Data for this exercise Start Marker

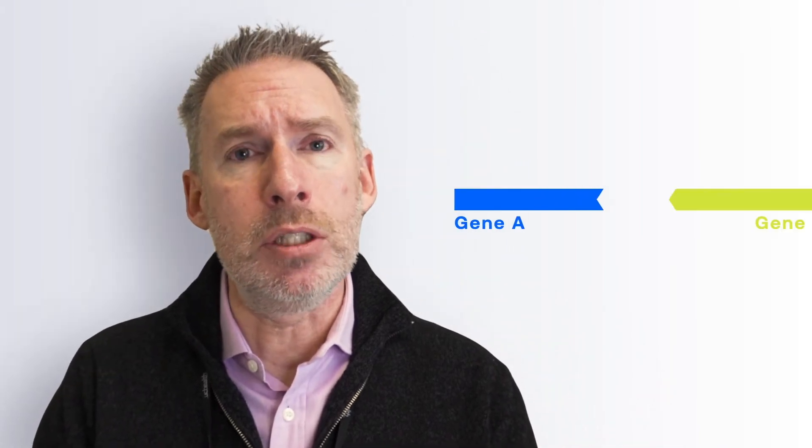You know if you're ALK positive because somebody has done a test on your cancer, usually a test on the actual tumor itself, occasionally a test on the blood. What it's really showing is that they can detect that rearrangement of the genes.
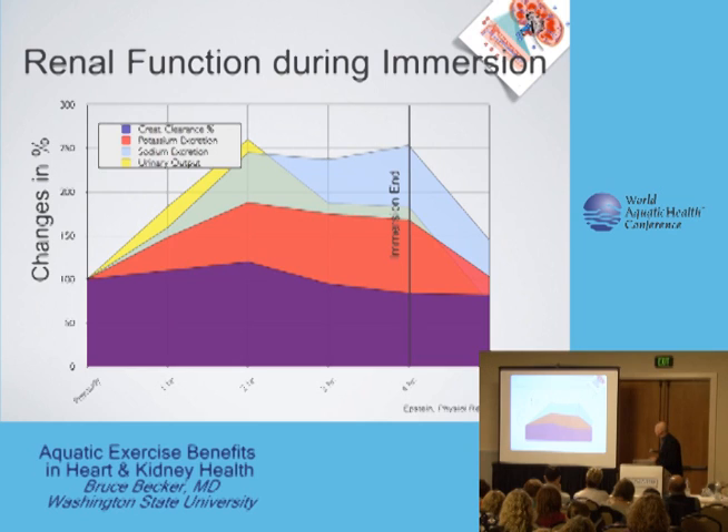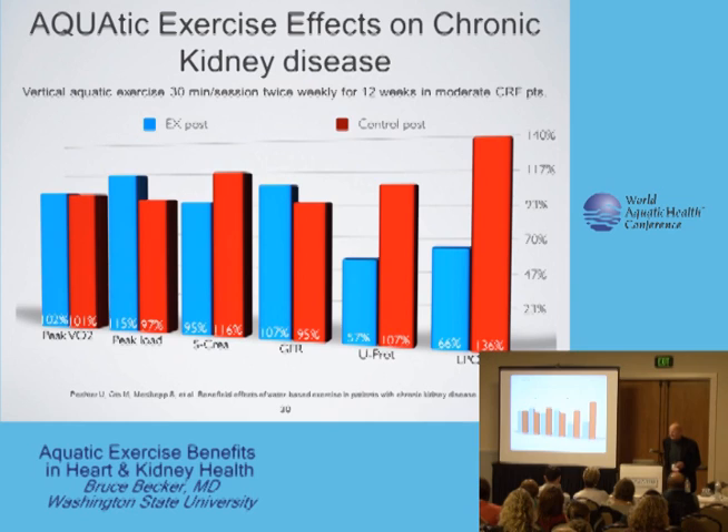So I increase urinary output during immersion, and that happens very quickly on immersion — you'll see it every time you're working with a class of patients. This is a study that was done on chronic kidney disease. The ancient Greeks and Romans understood that with chronic kidney failure, what you want to do is to put somebody in water. We don't do that anymore. Well, here's what happens in the study of about 25 congestive failure patients with about the same number of controls.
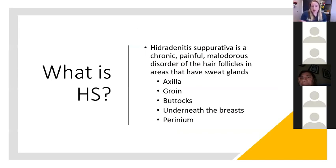So what is HS or hidradenitis? Hidradenitis suppurativa is a chronic, painful, malodorous disorder of the hair follicles, primarily in areas that have sweat glands. It's continuous, constant, and can ebb and flow. Patients can experience a lot of cysts and scarring; malodorous because of the bacteria that can collect there. The primary locations are the axilla or underarms, the groin, the buttocks, underneath the breasts, and the perineum — the space between the genitals and the anus. It can also occur on the abdomen, neck, or anywhere with sweat glands.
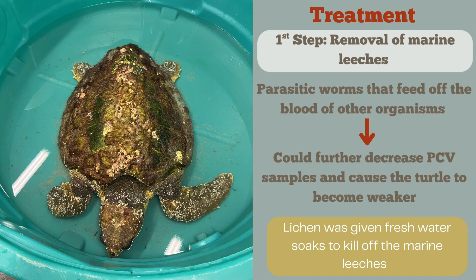Next, we're going to take you through the treatments we give our DTS patients when they first arrive, using Lycan as our example. First, when Lycan came in, we tried to remove all of the marine leeches. Lycan was absolutely covered in them — all over their flippers, their neck, anywhere a marine leech could get. These marine leeches are parasitic worms that feed off the blood of other organisms. Since Lycan already had very low blood samples, we were worried these leeches could further decrease them, which is never a good thing.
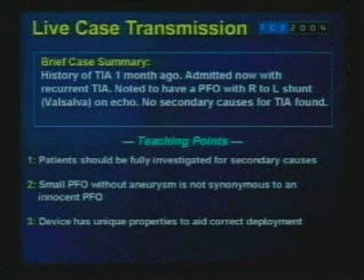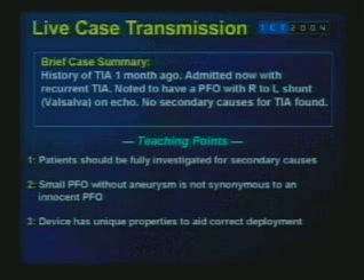Essentially, this is a patient who has now presented twice with a transient ischemic attack with definite evidence of cerebral embolism, and we have proceeded to close the PFO with the Cardiostar generation 4. Patients who present with such a history should be fully investigated for secondary causes, and in the event of a cryptogenic cause, closure should be attempted. A small PFO without aneurysm is not synonymous with an innocent PFO, and this device has unique properties that aid deployment. Thank you very much — this was a very elegant transmission demonstrating a new device performed with tremendous expertise and great clarity.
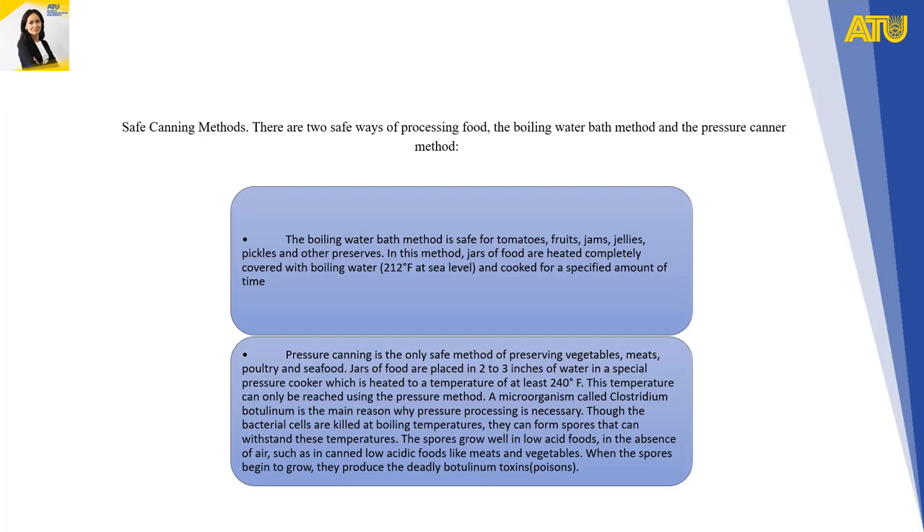A microorganism called Clostridium botulinum is the main reason why pressure processing is necessary. Although bacterial cells are killed at boiling temperature, they can form spores that withstand this temperature. The spores grow well in low-acid foods in the absence of air, such as canned low-acid foods like meats and vegetables, and when they begin to grow, they produce deadly botulinum toxins.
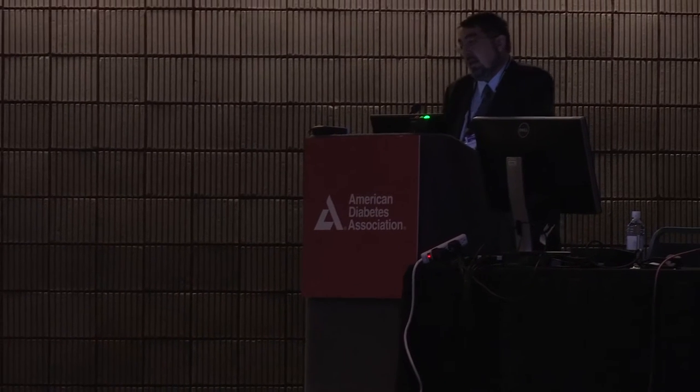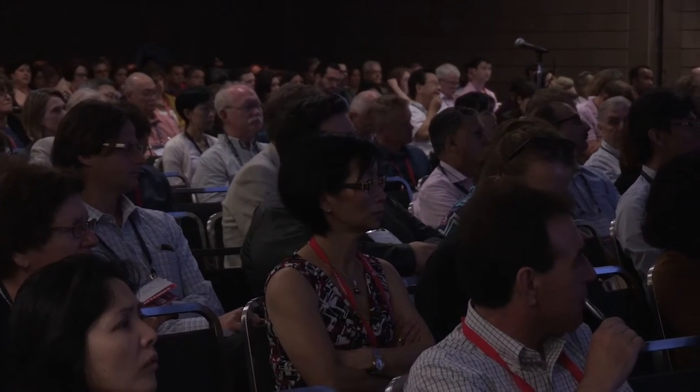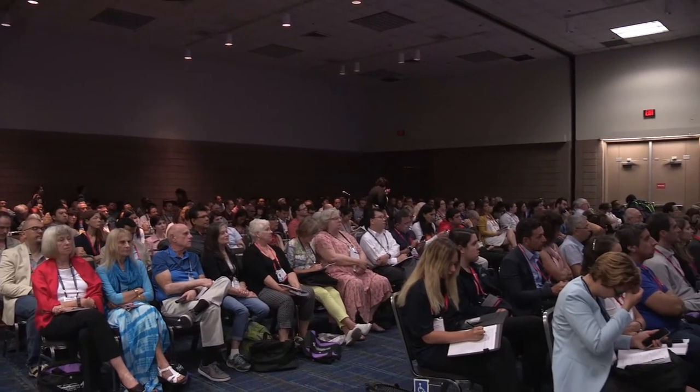We know that beta cells survive many years — even 10 years or longer — and that the inflammation going on is patchy. We need to look at ways to support the beta cells in the face of that inflammation and perhaps even regenerate their own beta cells. It was just very thrilling to be the chair and to see so many people interested in this topic.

Data for this exercise End Marker

▶ **Exercise prompt**:
What you return must match the lines from the top of the data through the line with "Next, we're going" exactly, with the pictures removed.

▶ **Solution to this problem**:
You know if you're ALK positive because somebody has done a test on your cancer, usually a test on the actual tumor itself, occasionally a test on the blood. What it's really showing is that they can detect that rearrangement of the genes.
So I increase urinary output during immersion, and that happens very quickly on immersion — you'll see it every time you're working with a class of patients. This is a study that was done on chronic kidney disease. The ancient Greeks and Romans understood that with chronic kidney failure, what you want to do is to put somebody in water. We don't do that anymore. Well, here's what happens in the study of about 25 congestive failure patients with about the same number of controls.
So what is HS or hidradenitis? Hidradenitis suppurativa is a chronic, painful, malodorous disorder of the hair follicles, primarily in areas that have sweat glands. It's continuous, constant, and can ebb and flow. Patients can experience a lot of cysts and scarring; malodorous because of the bacteria that can collect there. The primary locations are the axilla or underarms, the groin, the buttocks, underneath the breasts, and the perineum — the space between the genitals and the anus. It can also occur on the abdomen, neck, or anywhere with sweat glands.
Next, we're going to take you through the treatments we give our DTS patients when they first arrive, using Lycan as our example. First, when Lycan came in, we tried to remove all of the marine leeches. Lycan was absolutely covered in them — all over their flippers, their neck, anywhere a marine leech could get. These marine leeches are parasitic worms that feed off the blood of other organisms. Since Lycan already had very low blood samples, we were worried these leeches could further decrease them, which is never a good thing.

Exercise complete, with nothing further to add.